When the book came out in 2000, I began hearing from Iowans who told me stories about their childhoods. Iowans came out to readings I did in bookstores all over the country. Some of them had been paper girls and boys, and a few women claimed that THEY in, fact, had been the first paper girl in Red Oak. One woman, who must’ve thought the book was non-fiction, wrote me a letter scolding me for claiming a title that rightly belonged to her.
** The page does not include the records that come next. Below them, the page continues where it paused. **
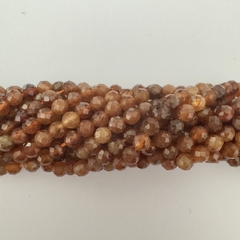 FACETADA REDONDA 4mm MARRON CLARO - PI24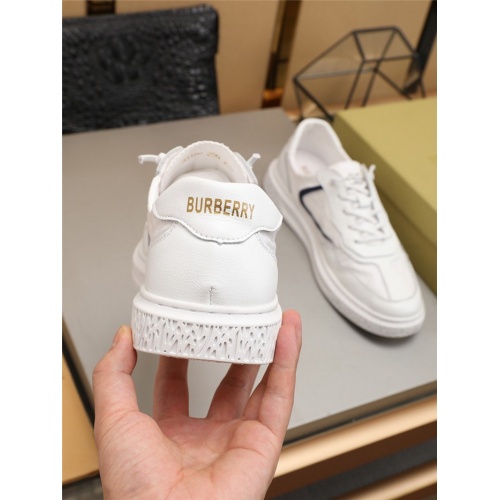 Replica Burberry Casual Shoes For Men #780178 $82.00 USD for Wholesale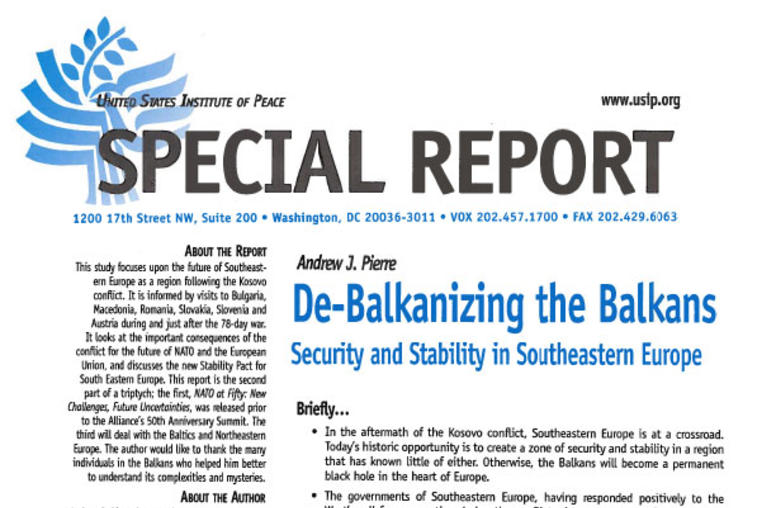 De-Balkanizing the Balkans: Security and Stability in Southeastern Europe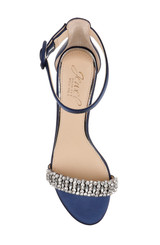 Navy | James Ankle Strap Block Heel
The town of Red Oak embraced me, inviting me to visit there and ride in their annual parade. I was unable to sit in a convertible and wave because of a scheduling conflict, but a Red Oak businesswoman who owned a lovely antique and tea shop asked my publisher to send her boxes of my books and invited me to come to Red Oak and sign them. My good friend Alison Jester and I drove over from Iowa City and found Red Oak to be an incredibly lovely town. The evening we were there, scores of townspeople showed up to buy my book, thinking, I’m afraid, that the whole book was about Red Oak. The mayor, a canny woman whom I remember as looking like Flannery O’Conner, did pull me aside to ask me if the book was even about Red Oak. A little bit, I assured her. Alison and I later agreed that we felt like a pair of flim-flammers, a couple of Harold Hills rolling into River City to sell trombones. But we had a wonderful time.